Что бы могло с ней случиться? Итак, остается самое болезненное: какая-нибудь новая история с Яном. С Джоном Крафтом — это все еще звучит для Зарыхты как неправдоподобная и скверная шутка. Такое предположение настолько его возбуждает, что приходится срочно принять лекарство, о котором он часто и охотно забывает. Потом садится в видавшее виды кресло. Тикают часы.

На обложке известного американского еженедельника, специального выпуска, посвященного настроениям определенной части молодежи социалистических стран, было написано: «Red Rebellions»[84]. Поначалу Зарыхта не слишком внимательно просматривал весь этот набор злобных выпадов, давно набивших оскомину: засилие бюрократии, госкапитализм и так далее. Ничего нового не изобрели, хотя минули десятилетия и столько воды утекло в Висле. Именно так он размышлял, разглядывая многочисленные фотографии этих Red Rebellions, и неожиданно одна подействовала на него как электрошок. Собеседник, который только что принес Зарыхте журнал, выдержав продолжительную паузу, чтобы Кароль мог хотя бы бегло ознакомиться с содержанием, наконец обронил слово, готовое сорваться с кончика языка: «Узнаешь?»

Под фотографией была подпись: Джон Крафт. Зарыхта выдавил, что эта фамилия ничего ему не говорит.

— Это сын Ганны, — сказал собеседник без грамма сочувствия в голосе. — Такую фамилию он теперь носит. Ты действительно не знаешь об этом? Неужели?

Зарыхта в ту пору уже два года как разъехался с Ганной. Когда встречались, говорили о пустяках. После ожесточенных споров о Янеке пришли к молчаливому соглашению, что тема эта запретная. Но Ванда? Почему не сказала отцу? Оберегала его таким образом? Проклятые добрые намерения, сердечная забота, весь этот эмоциональный хлам! Он должен был знать! Как смели от него скрыть!
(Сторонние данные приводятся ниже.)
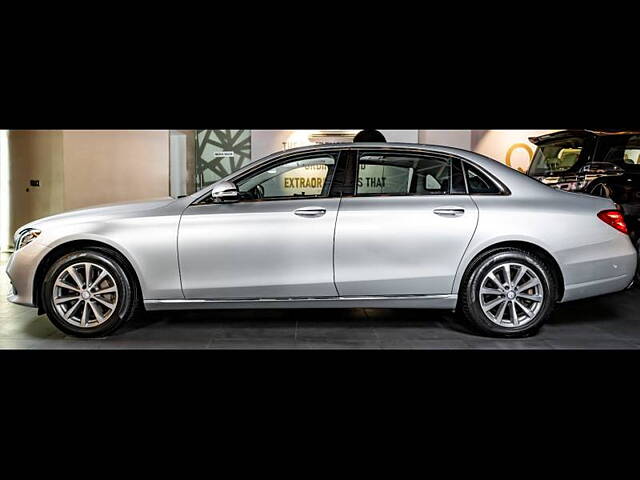 Used Mercedes-Benz E-Class [2017-2021] E 350 d Exclusive [2017-2019] in Delhi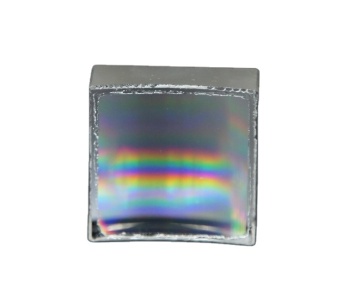 Concave Diffraction Holographic Grating for Monochromator Reflection Optical Diffraction Grating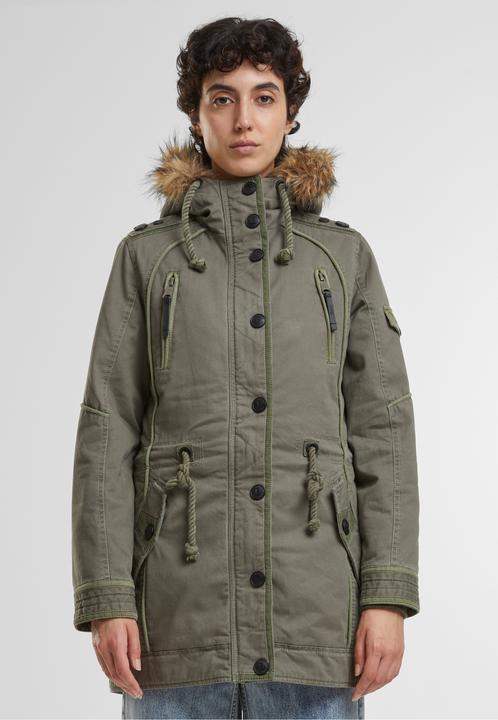 Image du produit Brandit Parka d'hiver Women Emma - 174621 (S)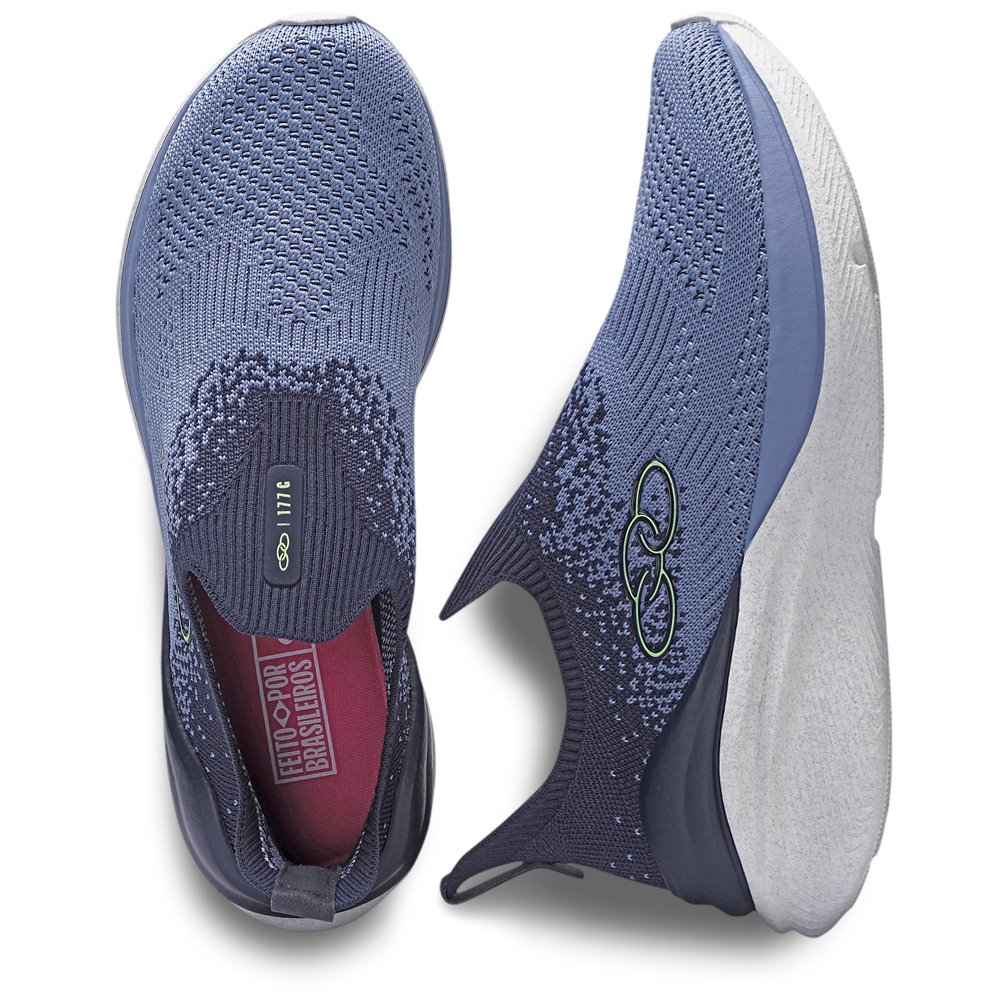 Tenis Casual Olympikus 177G Femenino - Image 2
Джон Крафт! И дело не в том, что Янек не его сын, а Ганны. Ведь столько лет он, Кароль Зарыхта, отдал парнишке. И никогда не поймет, почему Янек выбрал такой путь. Он сам помог ему получить эту американскую стипендию. Янек казался надежным парнем. И вот опубликовано интервью с Джоном Крафтом! «Я не хочу, чтобы порабощали мой разум». Мелкий камешек в лавине антикоммунистических публикаций, однодневка. Событие, не имеющее почти никакого значения.

Но не для Зарыхты.

Наконец звонок у дверей.

В полумраке передней стоит Ванда — невысокая, худощавая, незаметная, с милым маленьким личиком. Озабоченно смотрит на отца. Не похожа ни на меня, ни на Ганну, — думает Зарыхта. — Напоминает мою мать, странное дело, такая же изнуренная и вызывающая жалость. Хотя ни в чем не нуждается.